Doesn't this hold true for other domains where deep learning seems to be successful, for example natural language processing? My intuition would be that initial layers of a deep network actually learn smooth-ish representations of the input space.
My thoughts exactly. As an exercise it's surely interesting, but neural network approach is inherently unsuitable for chess.

Chess requires 100% accuracy and in which just because positions are similar, doesn't mean that best moves in these positions have to be in any way similar too.

On the other hand, it sort of mimics the way human player thinks, in terms of recognizing certain patterns. After all, even grandmasters do not bruteforce their way through all possible combinations. We use a hybrid approach: recognize certain strategic patterns first (to drastically narrow down the search tree), and perform calculations on the top of that.

Chess engines can wipe the floor with any player where tactics is involved; the trick of beating a computer is to close the game and take advantage of the fact that it's not able to formulate a long-term PLAN (whose consequences are beyond its horizon).
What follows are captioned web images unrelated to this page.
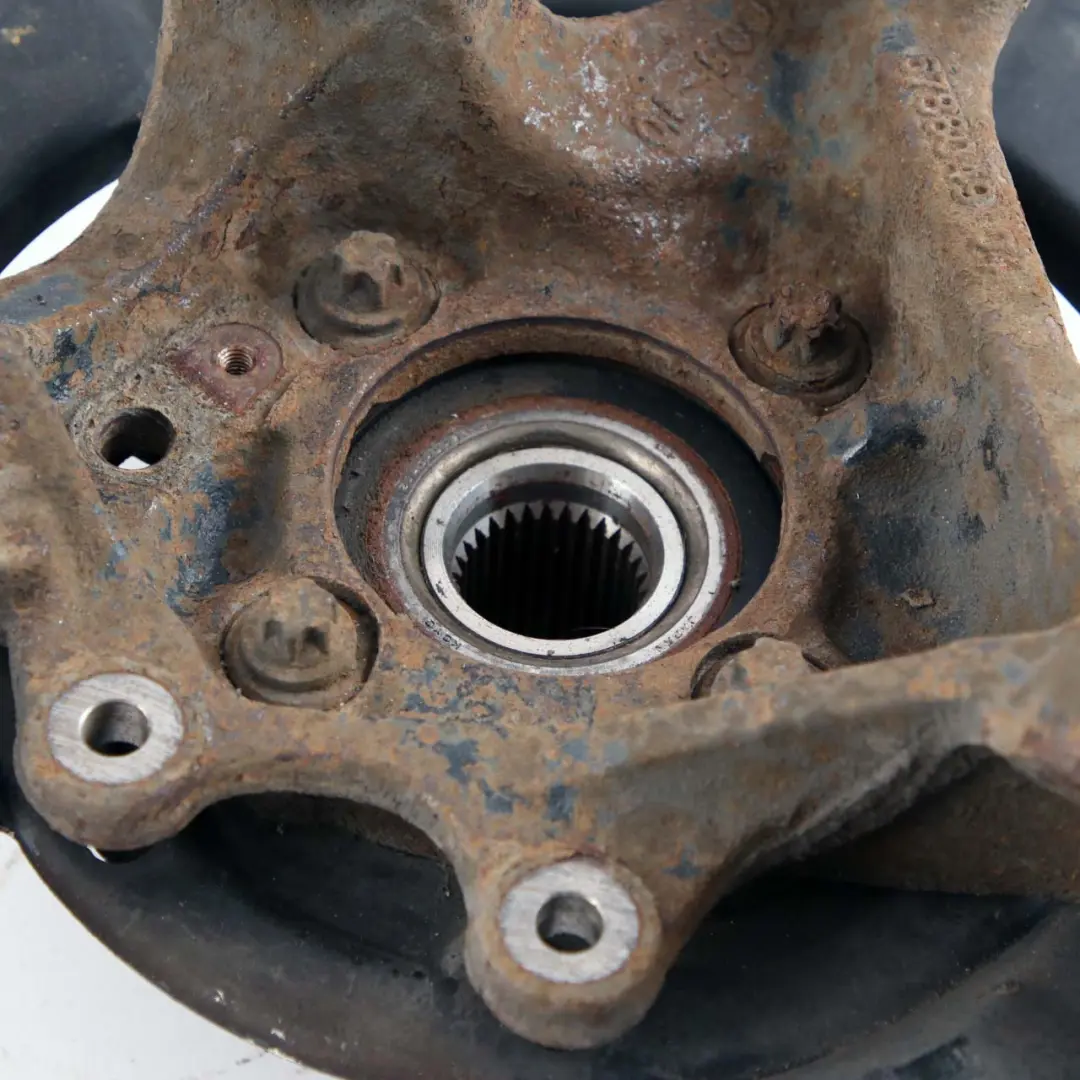 BMW X1 E84 Zwrotnica Koła Tylna Lewa Tył Lewy - SKU 6788049-1 - Numer Części 6788049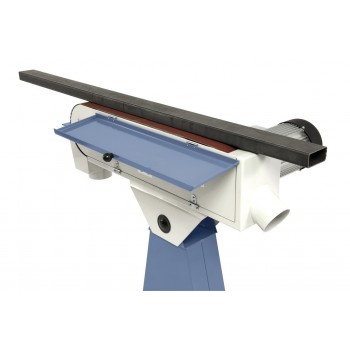  2-Gang-Metall-Stationärbandschleifer Bernardo MS75 x 2000 S - 400 V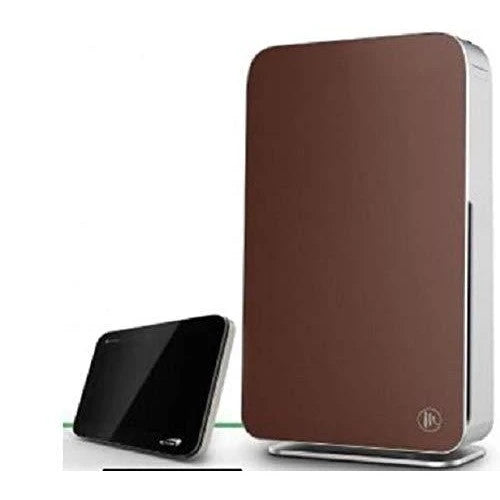 Measurement MAC-440 Luxury Spa 4 in 1 Air Purifier - 124; Humidifier - 124; Wireless Tablet with Sonic Landscapes - 124; Filtration of Medical Grade H13 for 55 m ².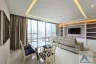 2 Bedroom Condo for rent in The Bangkok Sathorn, Thung Wat Don, Bangkok near BTS Surasak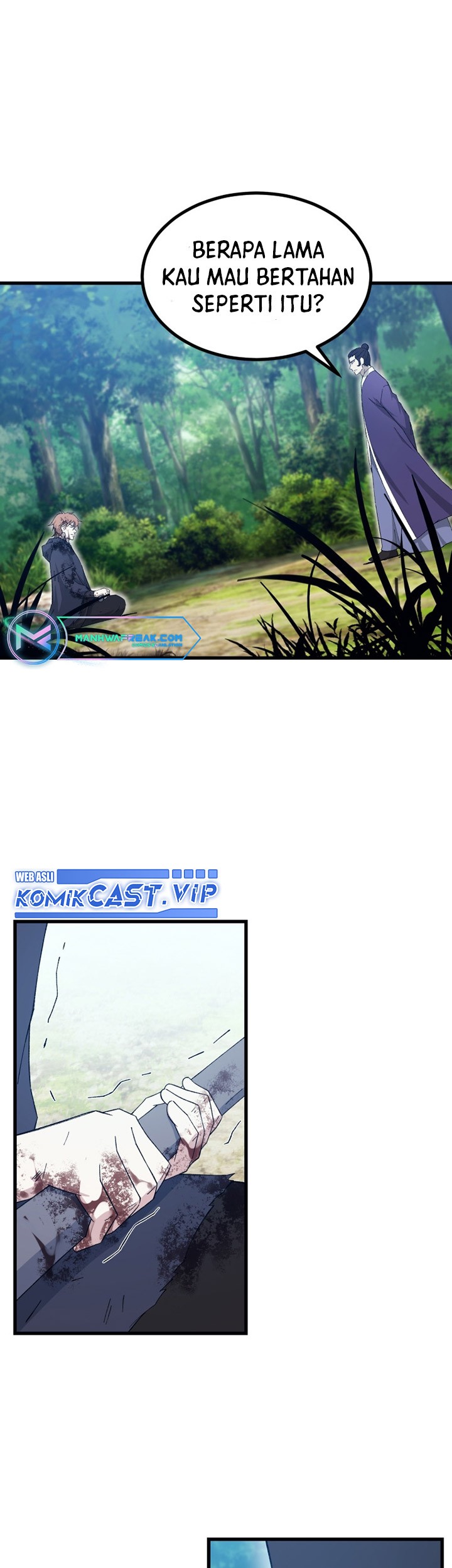 The Great Master chapter 67 halaman 50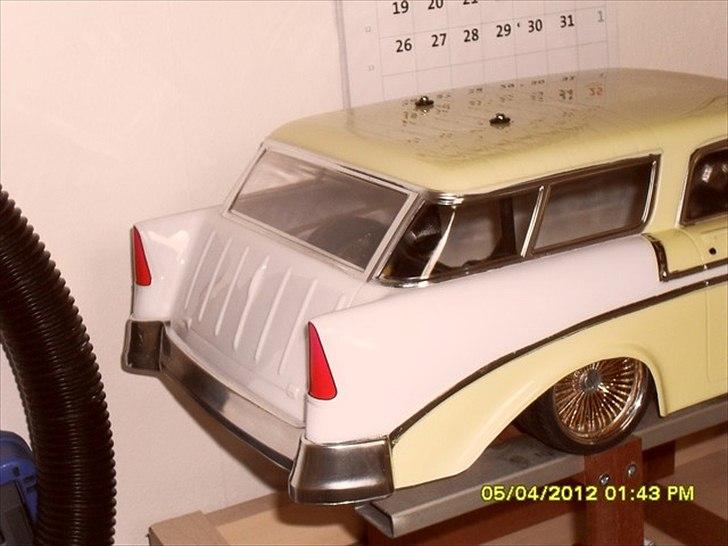 Bil Chevy Nomad (HBX GTR) billede 9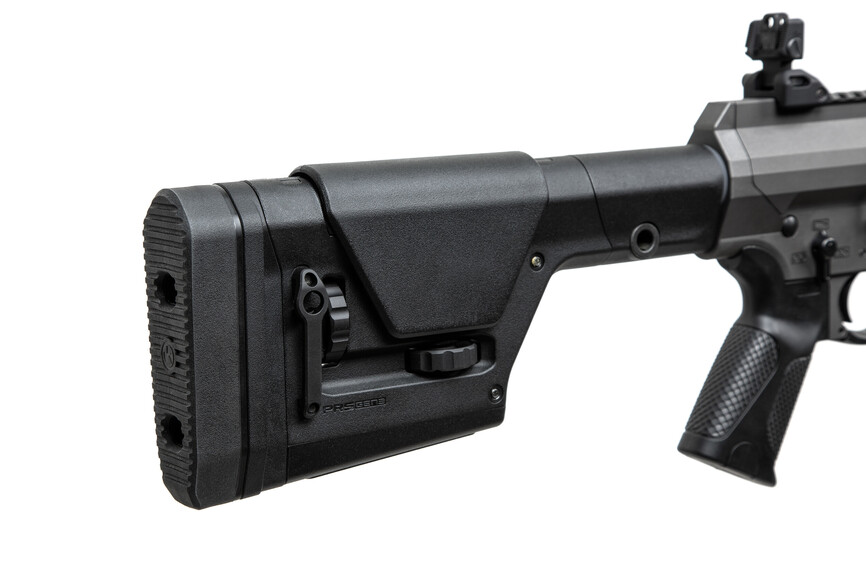 Карабін нарізний LWRC REPR MKII 308 WIN 20'' Tungsten Grey. Фото 3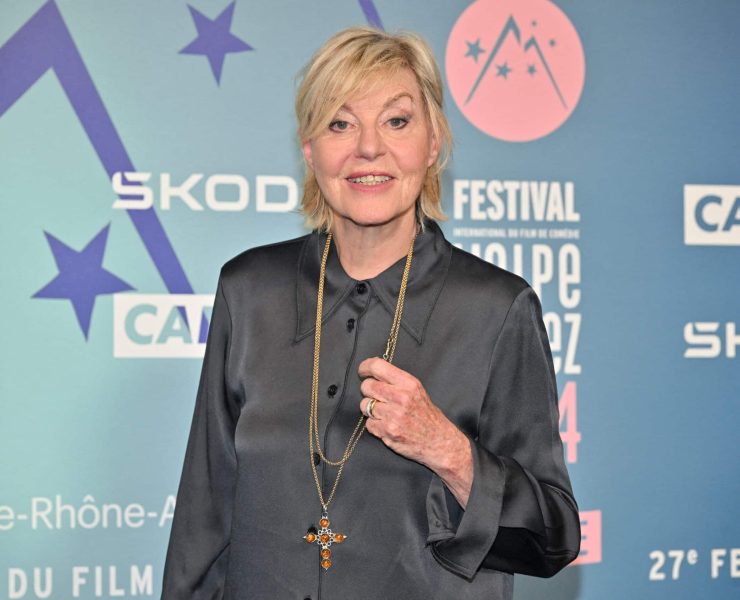 Chantal Ladesou : à la recherche du temps perdu en Bourgogne, avec ses enfants, petits-enfants et Pauline Lefèvre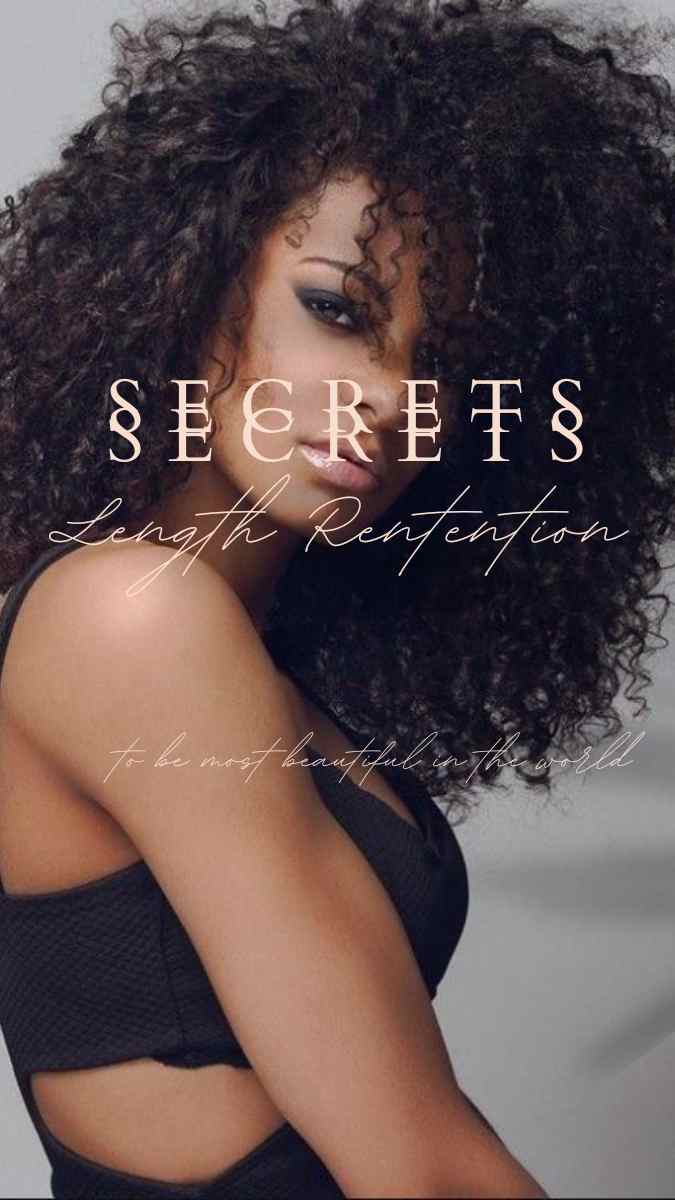 Length Retention Secrets Ebook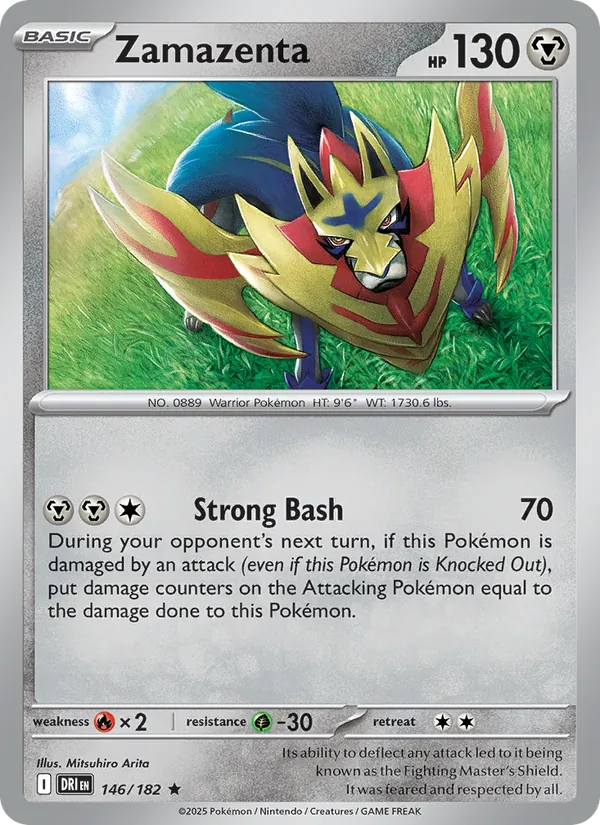 Zamazenta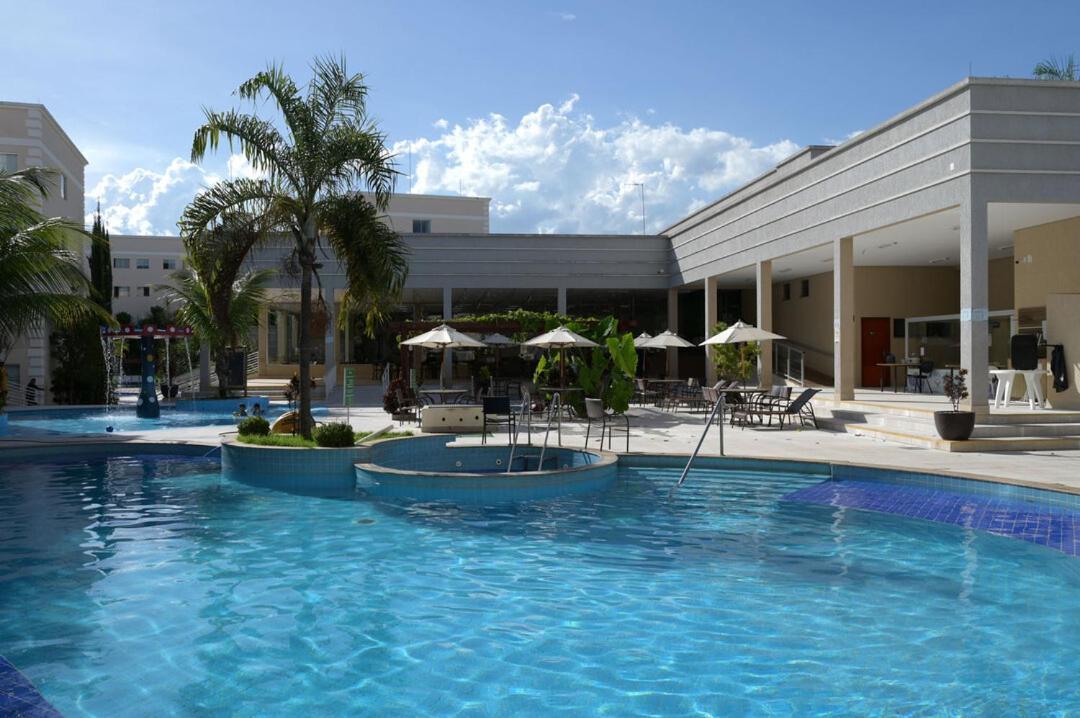 Apartamento Otimo Apto C Piscina E Wi Fi Em Go *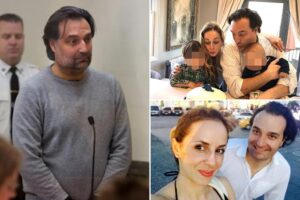 Brian Walshe stabbed in Massachusetts jail ahead of murder trial for wife’s death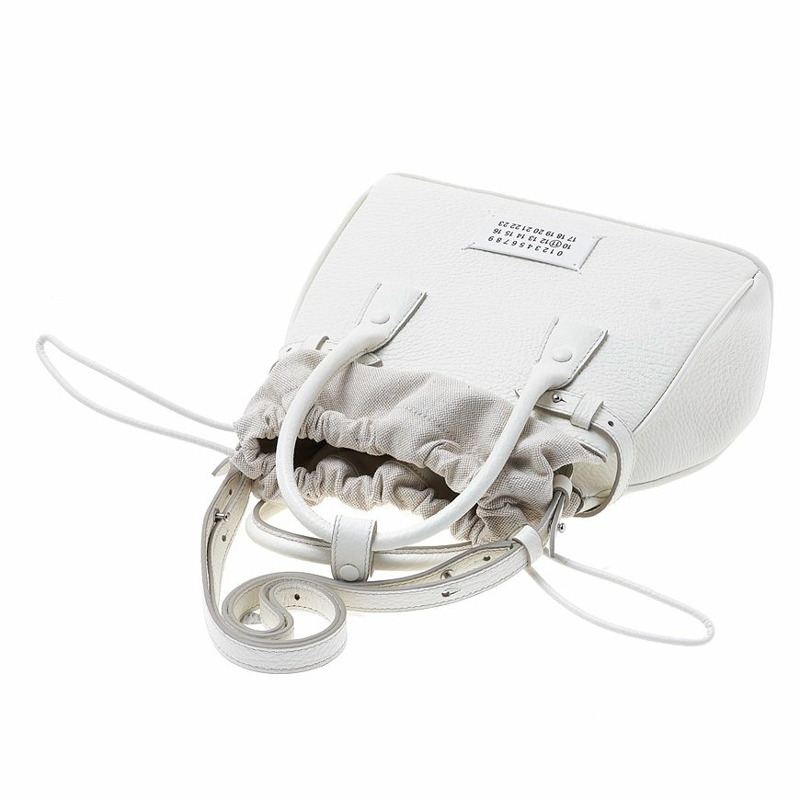 MAISON MARGIELA 5AC 抽繩手提袋-3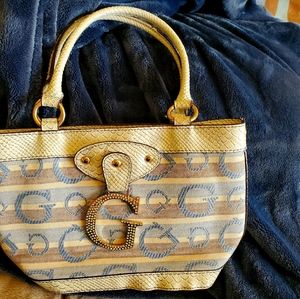 Guess Purse Vintage Handbag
See how Nakamura repeatedly beat Rybka in blitz games a few years ago, eg.: http://www.chessgames.com/perl/chessgame?gid=1497429 - very instructive :)

> just because positions are similar, doesn't mean that best moves in these positions have to be in any way similar too.

To alleviate this, one can add more abstract/heuristic information about the position to the input (indicators for complex relations between several pieces). This kind of high-dimensional vector would be more robust to small changes, and make the objective function more smooth. Perhaps the non-linearities introduced by the three layers cannot do this as effectively.